=== Begin Enclosure ===
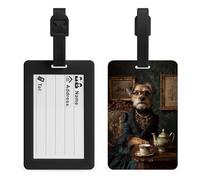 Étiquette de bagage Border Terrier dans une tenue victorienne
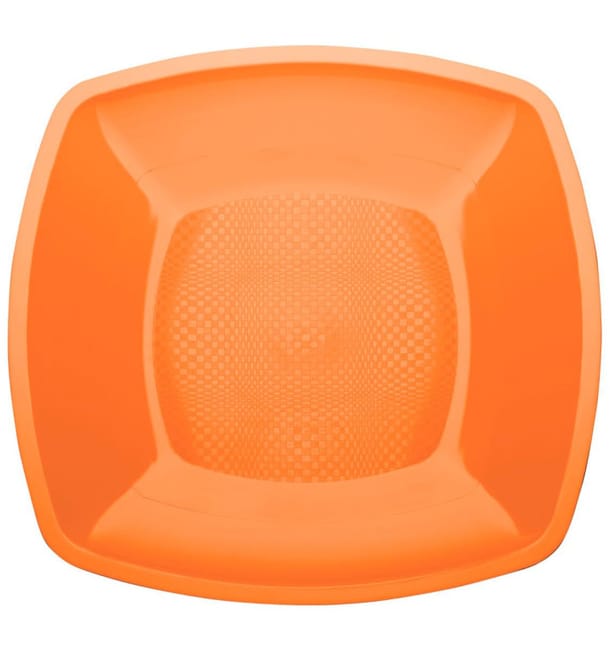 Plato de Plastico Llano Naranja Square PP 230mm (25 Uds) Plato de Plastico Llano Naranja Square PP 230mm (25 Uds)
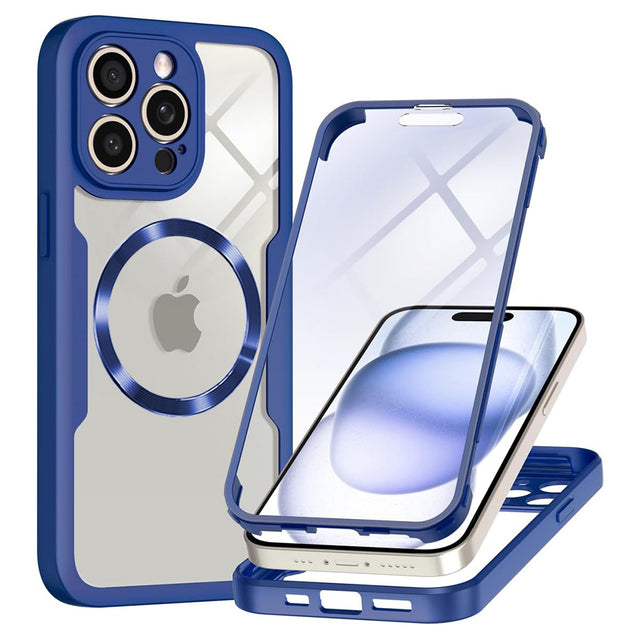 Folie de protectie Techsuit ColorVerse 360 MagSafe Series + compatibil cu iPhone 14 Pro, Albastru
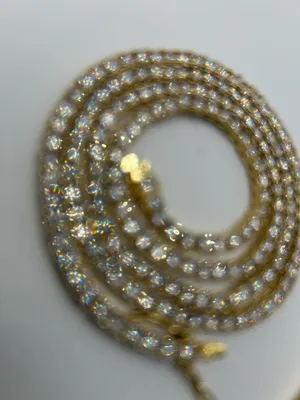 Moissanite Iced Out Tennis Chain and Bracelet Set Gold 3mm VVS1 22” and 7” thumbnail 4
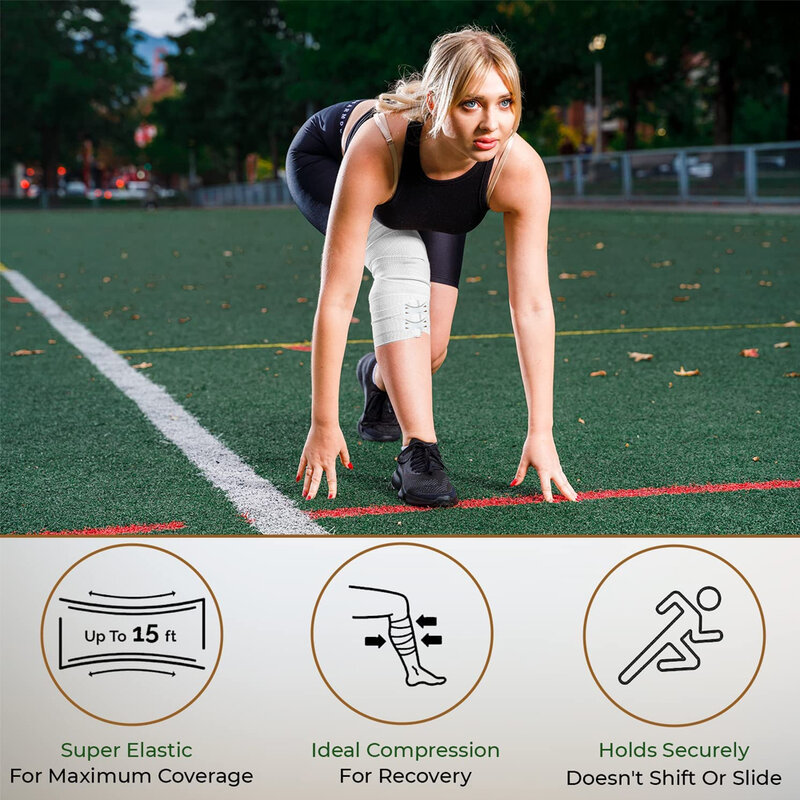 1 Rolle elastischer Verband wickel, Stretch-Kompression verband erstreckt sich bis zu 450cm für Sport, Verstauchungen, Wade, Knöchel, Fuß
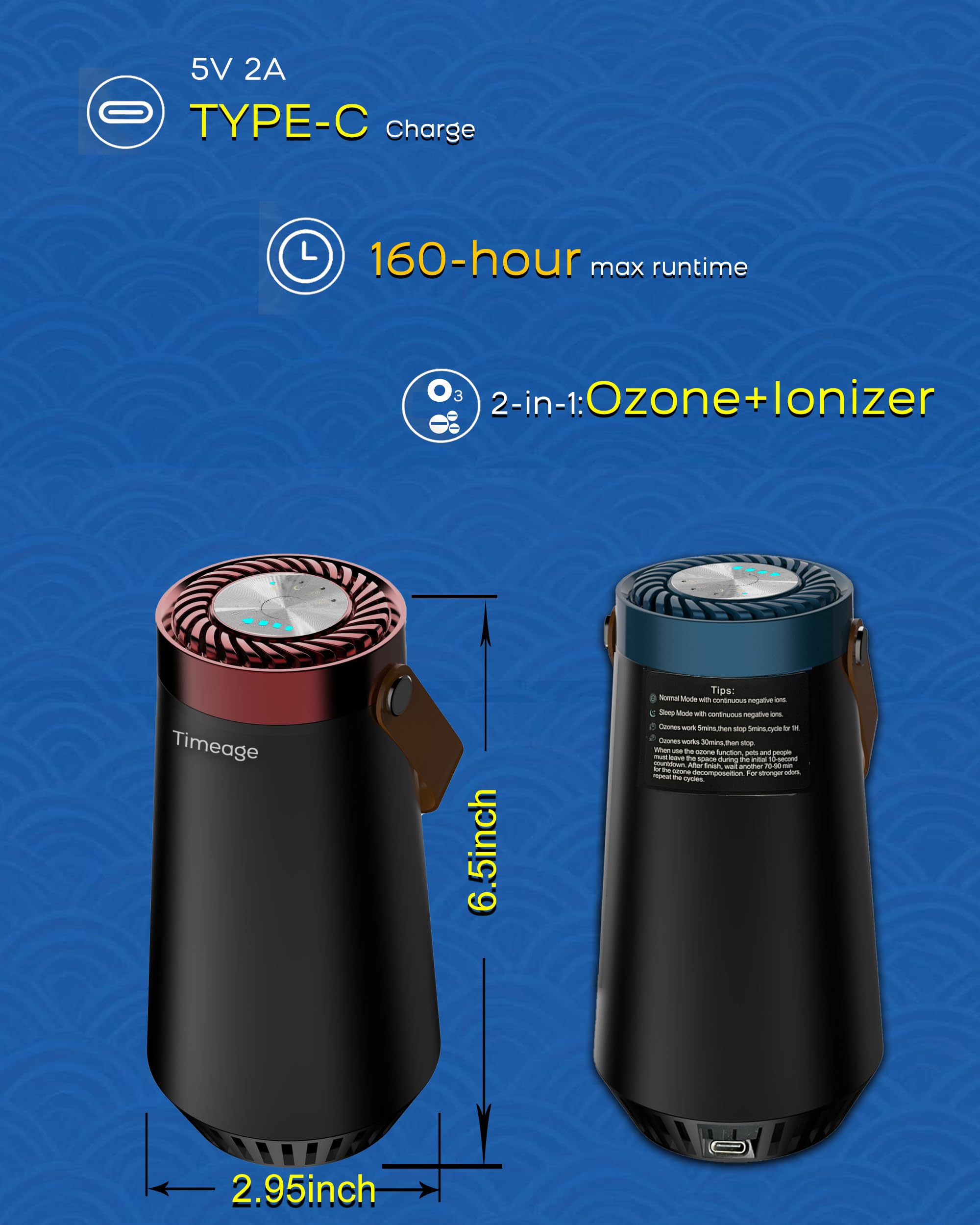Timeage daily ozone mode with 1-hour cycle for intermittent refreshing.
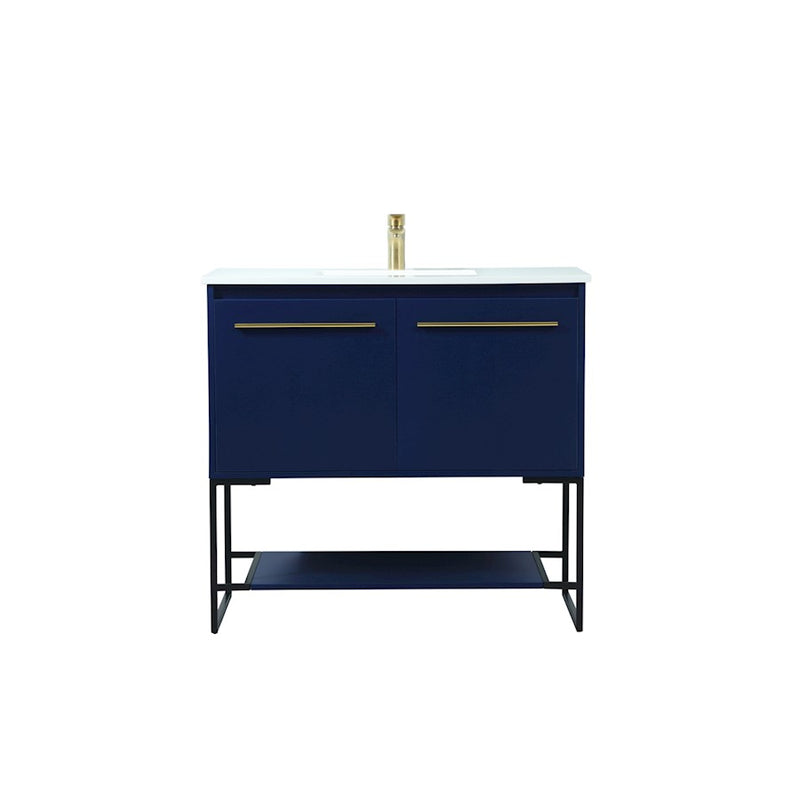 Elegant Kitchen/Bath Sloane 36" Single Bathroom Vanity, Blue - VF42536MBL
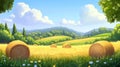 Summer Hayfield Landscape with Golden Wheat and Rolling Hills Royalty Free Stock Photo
=== End Enclosure ===
Transcribe, without alteration, each line from the one with "Plato de Plastico Llano Naranja Square PP 230mm (25 Uds) Plato" through the last line of the data; no pictures belong in the copy.

 Plato de Plastico Llano Naranja Square PP 230mm (25 Uds) Plato de Plastico Llano Naranja Square PP 230mm (25 Uds)
 Folie de protectie Techsuit ColorVerse 360 MagSafe Series + compatibil cu iPhone 14 Pro, Albastru
 Moissanite Iced Out Tennis Chain and Bracelet Set Gold 3mm VVS1 22” and 7” thumbnail 4
 1 Rolle elastischer Verband wickel, Stretch-Kompression verband erstreckt sich bis zu 450cm für Sport, Verstauchungen, Wade, Knöchel, Fuß
Timeage daily ozone mode with 1-hour cycle for intermittent refreshing.
 Elegant Kitchen/Bath Sloane 36" Single Bathroom Vanity, Blue - VF42536MBL
 Summer Hayfield Landscape with Golden Wheat and Rolling Hills Royalty Free Stock Photo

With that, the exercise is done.